**Recorded data**:
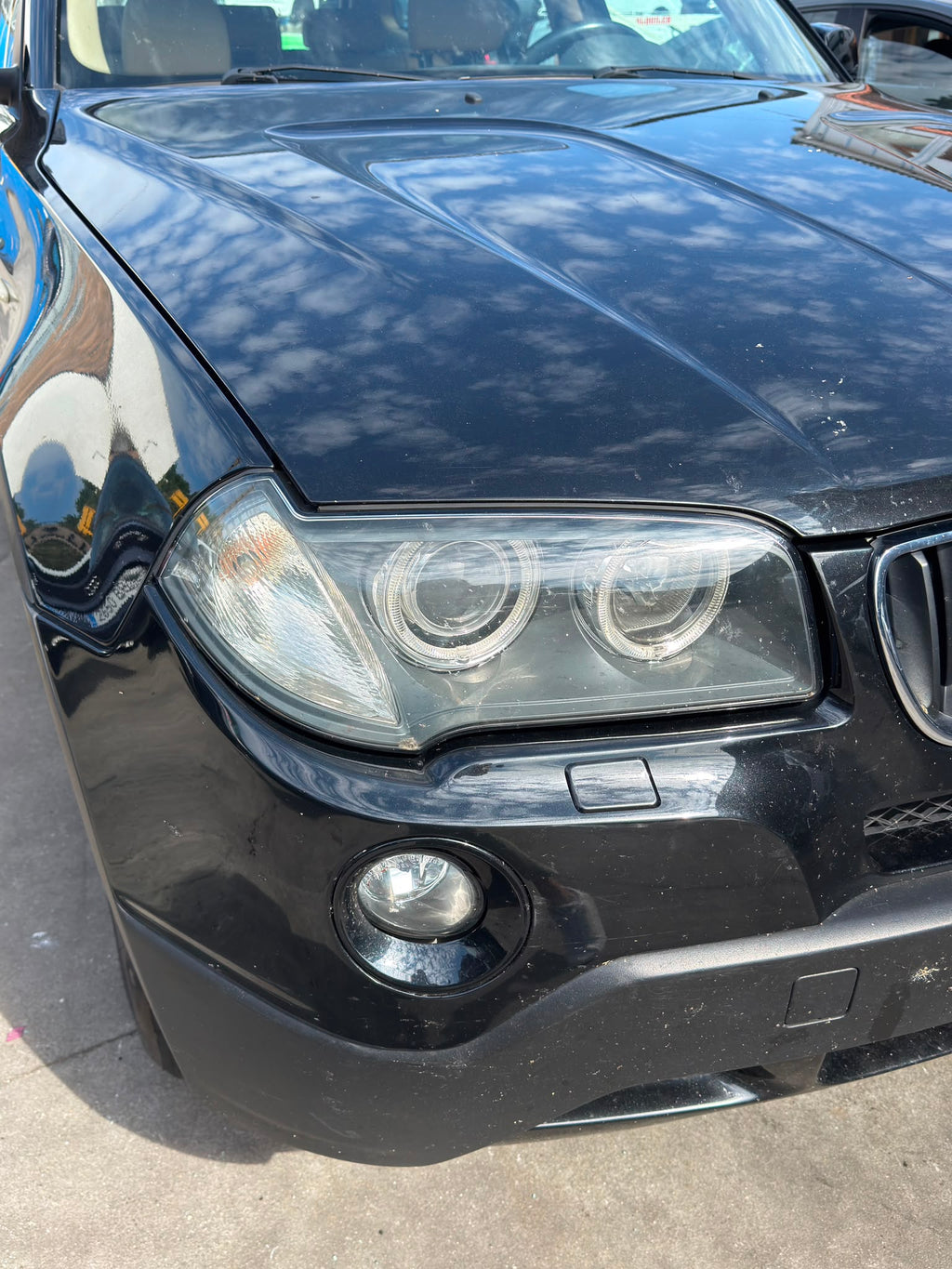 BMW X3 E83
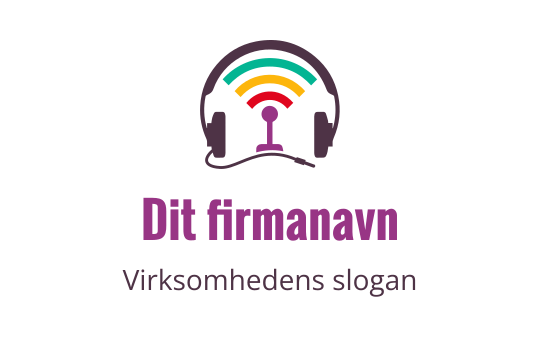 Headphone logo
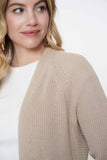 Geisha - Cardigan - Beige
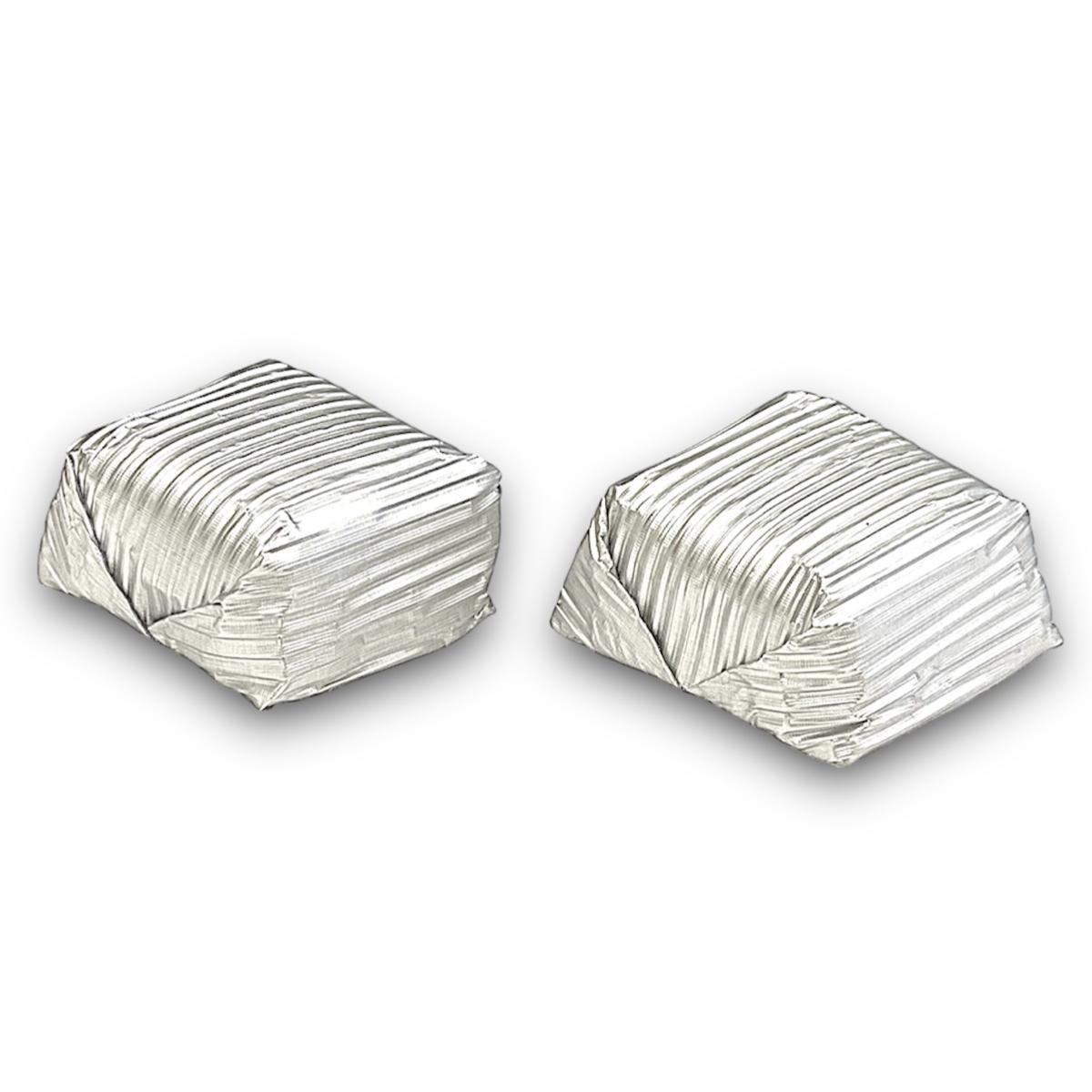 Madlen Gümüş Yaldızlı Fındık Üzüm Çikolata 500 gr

**Assignment**: Return each line from the material above exactly, but not the pictures.

**Reply**:
 BMW X3 E83
 Headphone logo
 Geisha - Cardigan - Beige
 Madlen Gümüş Yaldızlı Fındık Üzüm Çikolata 500 gr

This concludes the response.